TASK TO CARRY OUT: Without any of its pictures, the listing below should be output exactly.

*** Opening of SOURCE DATA ***

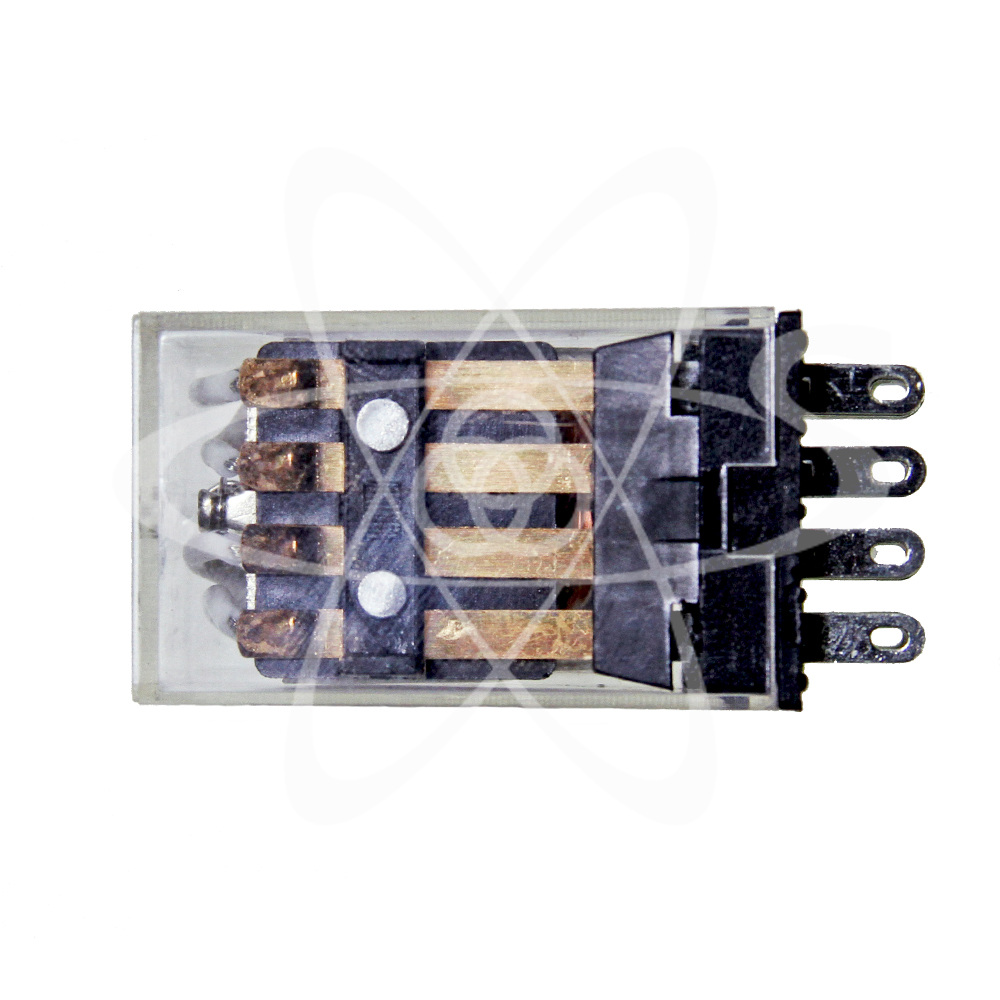 Промежуточное реле МY4 AC 110V
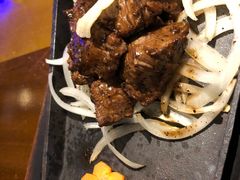 -和彩放题餐厅(酒仙桥店)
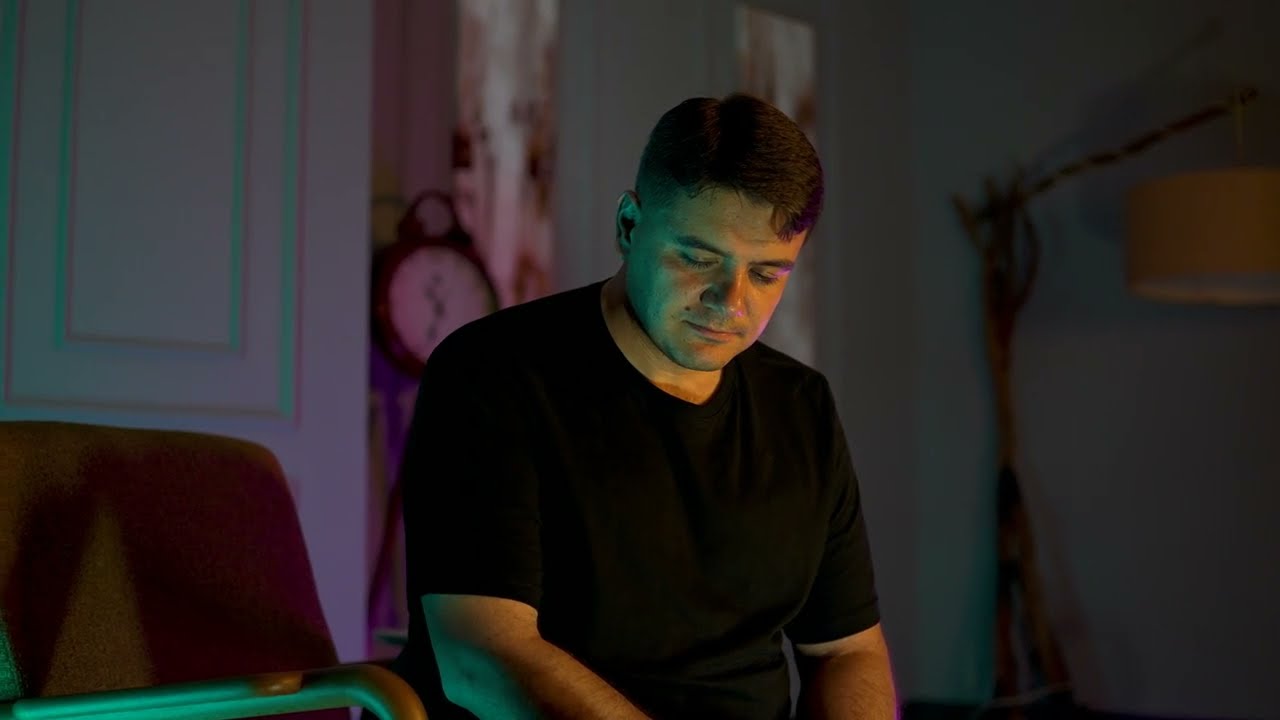 Yüksel Korkmaz - Yetmedi mi Yeni İlahi (Akustik) 2023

*** Close of SOURCE DATA ***

TASK RESULT:
 Промежуточное реле МY4 AC 110V
 -和彩放题餐厅(酒仙桥店)
 Yüksel Korkmaz - Yetmedi mi Yeni İlahi (Akustik) 2023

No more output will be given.